Pressing is carried out on horizontal hydraulic to press by effort 2000 ts till size Æ19,4mm. Pressing is made with a shirt thickness 0,5÷1,5 mm with application of gydrono-graphite greasing. Heat treatments in a stream of pressing are not present. Then it is made the winding in revolts and transfer on the crosswise store for cooling by water. Unitary drawing is made till size Æ18,0 mm on combined mill firms «Шумаг».

The "know-how" of rods is observed in full, but it does not guarantee high quality of finished goods. In this connection it is possible to assume, that the possible reason of occurrence of a plenty of a marriage is exhaustion of a resource of plasticity of metal in superficial layers of rods.

For confirmation of it it is necessary to carry out test for a deposit, but according to work [1] The degree of deformation of shift at a deposit does not reach great values and at test of samples from plastic materials can appear insufficient for their destructions. Destruction at a deposit is not accompanied by division of a sample into parts. Therefore the certain difficulties arise in an establishment of the moment of formation of macrocracks. For a basis of the further researches the technique of definition of a resource of plasticity of G.A.Smirnova-Aljaeva [2], which assumes carrying out of tests on a deposit for reception of the necessary data for the subsequent calculation of a resource of plasticity.
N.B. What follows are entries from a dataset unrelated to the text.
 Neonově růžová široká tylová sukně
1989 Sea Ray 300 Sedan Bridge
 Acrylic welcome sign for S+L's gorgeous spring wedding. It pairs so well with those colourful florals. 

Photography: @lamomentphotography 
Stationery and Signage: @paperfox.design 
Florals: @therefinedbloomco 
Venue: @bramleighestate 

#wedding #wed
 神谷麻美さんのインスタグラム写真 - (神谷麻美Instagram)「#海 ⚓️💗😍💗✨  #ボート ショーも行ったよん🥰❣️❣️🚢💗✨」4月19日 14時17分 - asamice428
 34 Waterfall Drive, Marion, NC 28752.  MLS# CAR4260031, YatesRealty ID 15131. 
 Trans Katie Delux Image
Preliminary tests for a deposit have been carried out at the laboratory stand. By the assumed as a basis technique samples from pressed hexahedral rods by corresponding GOST of 8817-82 next sizes have been made: h´₀=1,5d´₀ and h´´₀=0,5h´₀. A deposit it was carried out before full destruction of samples (fig.3). As brass samples have collapsed completely (have broken up into some parts), it allows to use the chosen technique [2] for calculation of a resource of plasticity of investigated samples

Fig. 3 – Appearance of a sample after test

The working window of program «Сталедав» at full destruction of a sample is resulted on fig. 4.

Fig. 4 – The working window of program «Сталедав» at full destruction of a sample.
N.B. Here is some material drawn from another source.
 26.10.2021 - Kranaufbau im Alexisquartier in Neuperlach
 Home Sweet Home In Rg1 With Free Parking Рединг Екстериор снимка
For the further calculations, experimental data have been processed at use tarirovochni curves received earlier. Curve efforts of pressing are resulted on fig. 5.
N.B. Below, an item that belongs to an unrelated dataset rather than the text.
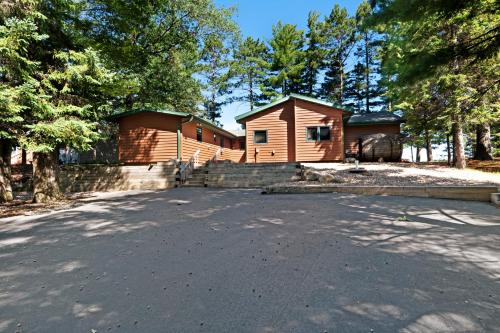 Lake Tomahawk Lodge - image 4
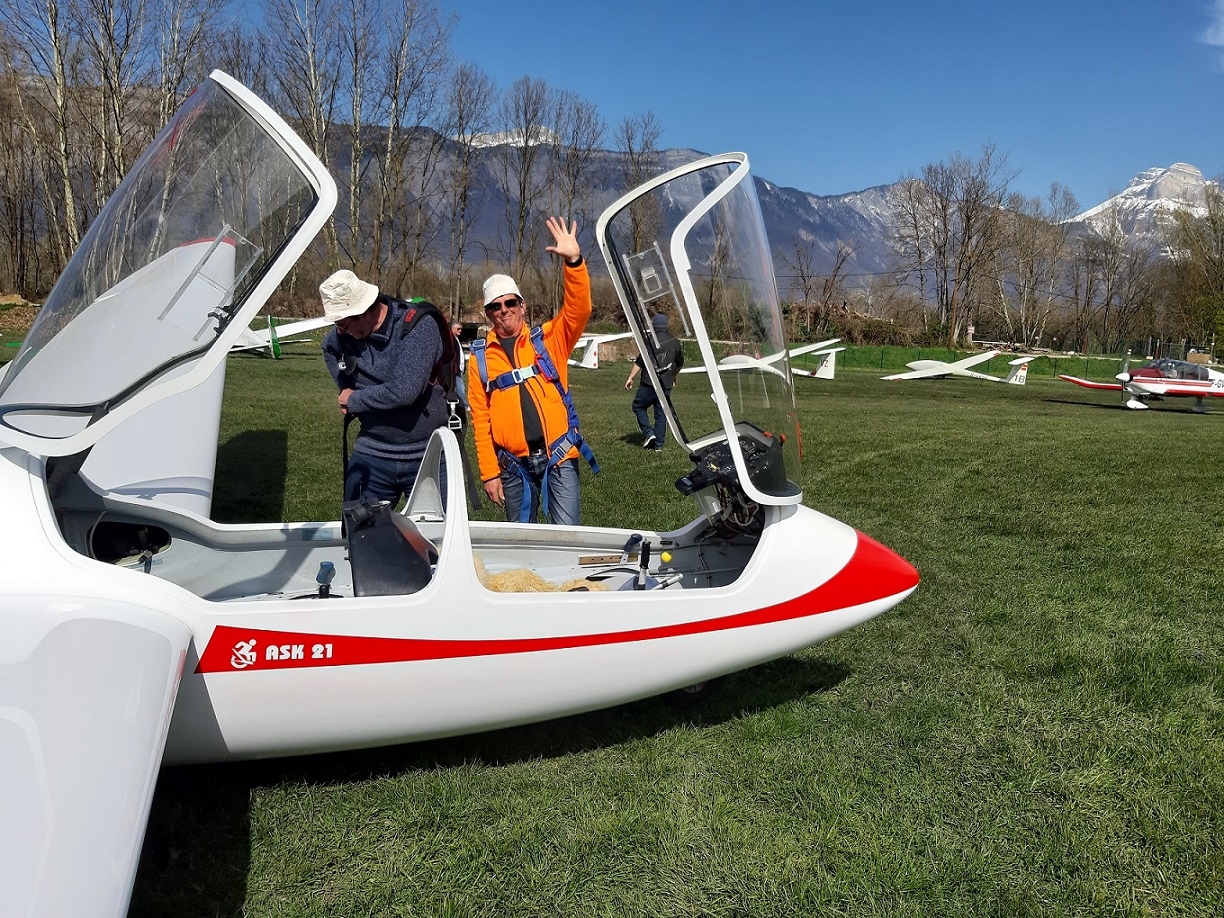 Notre K21 rentre avec une nouvelle peinture en PU / ASK21 is coming home from Grenoble / Rückkehr der 21 aus Grenoble, neu lackiert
а – h´0 = 1,5d´0	б – h´´0 = 0,5h´0
Fig. 5 – Curve distributions of force in time

The received curves will allow carry out in further calculation of a resource of plasticity in superficial layers of metal by G.A.Smirnova-Aljaeva's technique.

Conclusions

• the laboratory stand with application of modern digital technologies which allows tests for a deposit with reception of exact experimental data have been created carries out
• the analysis possible the reasons of occurrence of a plenty of a spoilage has been carried out)by manufacture hexahedral rods by pressing and the subsequent drawing from alloys CuZn₃₉Pb₃ and CuZn₄₀Pb₂ on Open Society «Artemovsk’s factory on processing nonferrous metals»;
• preliminary test for a deposit which has confirmed an opportunity of use of a technique of G.A.Smirnova-Aljaeva for definition of a resource of plasticity in superficial layers of metal has been carried out;
• the following stage of researches carrying out of tests on a deposit ground hexahedrals samples for the data acquisition, necessary for comparison of a resource of plasticity in superficial layers the ground and not ground samples is planned.

The literature

1. Багатов А.А., Мижинрицкий О.И., Смирнов С.В. Ресурс пластичности металлов при обработке металлов давлением. – М.: Металлургия. – 1984. – 144 с.
2. Смирнов-Аляев Г.А. сопротивление материалов пластическому деформировании. – Ленинград.: Ленинградское отделение машгиза. – 1961. – 464 с.
3. Федоров В.И., Осицев О.Е. Латуни – современный конструкционный материал / Цветные металлы. – 2001. – №8. – С. 92–97.